2.      Wewenang MK Memutus SKLN

Kewenangan Mahkamah Konstitusi untuk memutus sengketa kewenangan konstitusional lembaga negara yang kewenangannya diberikan oleh UUD, di samping melakukan pengujian undang-undang terhadap UUD, pada dasarnya merupakan kewenangan konstitusional yang dibentuk dengan tujuan untuk menegakkan ketentuan yang terdapat dalam UUD. Ini disebabkan karena dari dua hal inilah persoalan konstitusionalitas dapat timbul. Fungsi Mahkamah Konstitusi sebagai peradilan konstitusi tercermin dalam (2) dua kewenangan tersebut, yaitu: (1) kewenangan untuk menguji undang-undang terhadap UUD; dan (2) kewenangan untuk memutus SKLN yang kewenangannya bersumber dari UUD.[3]

3.      Pengertian Lembaga Negara

Dalam konsep hukum tata negara positif (positieve staatsrecht), lembaga negara merupakan organ negara atau alat-alat perlengkapan negara yang biasanya diatur atau menjadi materi muatan dalam konstitusi atau undang-undang dasar suatu negara.
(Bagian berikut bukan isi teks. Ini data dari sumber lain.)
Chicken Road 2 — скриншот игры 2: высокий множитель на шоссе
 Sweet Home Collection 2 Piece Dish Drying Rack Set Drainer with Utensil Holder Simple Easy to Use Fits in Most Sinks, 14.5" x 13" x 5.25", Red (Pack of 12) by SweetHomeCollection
4.      Hukum Acara Memutus SKLN

Hukum Acara Sengketa Kewenangan Konstitusional Lembaga Negara (SKLN) adalah hukum acara yang mengatur tentang bagaimana perkara SKLN di Mahkamah Konstitusi itu diselesaikan.

Berdasarkan praktik, sengketa kewenangan konstitusional lembaga negara ini dapat terjadi karena beberapa hal:

(1) adanya tumpang tindih (overlapping) kewenangan antara satu lembaga negara dengan lembaga negara lainnya yang diatur dalam konstitusi atau Undang-Undang Dasar;

(2) adanya kewenangan lembaga negara yang kewenangannya diperoleh dari konstitusi atau Undang-Undang Dasar yang diabaikan oleh lembaga negara lainnya;

(3) adanya kewenangan lembaga negara yang kewenangannya diperoleh dari konstitusi atau Undang-Undang Dasar yang dijalankan oleh lembaga negara lainnya, dan sebagainya.

Hukum Acara Sengketa Kewenangan Konstitusional Lembaga Negara paling tidak secara formal bersumber pada ketentuan-ketentuan:[4]

a.       Undang-Undang Nomor 48 Tahun 2009 tentang Kekuasaan Kehakiman.

b.      Undang-Undang Nomor 24 Tahun 2003 tentang Mahkamah Konstitusi; dan

c.       Peraturan Mahkamah Konstitusi Nomor 08/PMK/2006.

Ada 2 (dua) ketentuan yang relevan dengan Undang-Undang Nomor 48 Tahun 2009 (tentang Kekuasaan Kehakiman) sebagai sumber hukum formal Hukum Acara SKLN ini, yaitu:

a. Ketentuan Pasal 2 ayat (2) Undang-Undang Nomor 48 Tahun 2009, yang menyatakan:

‘Peradilan negara menerapkan dan menegakkan hukum dan keadilan berdasarkan Pancasila’. Ini artinya, sistem penyelenggaraan peradilan Mahkamah Konstitusi harus berdasar pada Pancasila. Hukum Acara SKLN harus bertumpu pada nilai-nilai dasar yang terkandung dalam Pancasila, yaitu nilai religius, nilai humanisme, nilai kebangsaan atau nasionalisme, nilai demokrasi, dan nilai keadilan sosial. Pancasila sebagaimana dikemukakan oleh Moh. Mahfud MD merupakan kaidah penuntun dalam menentukan politik hukum Indonesia.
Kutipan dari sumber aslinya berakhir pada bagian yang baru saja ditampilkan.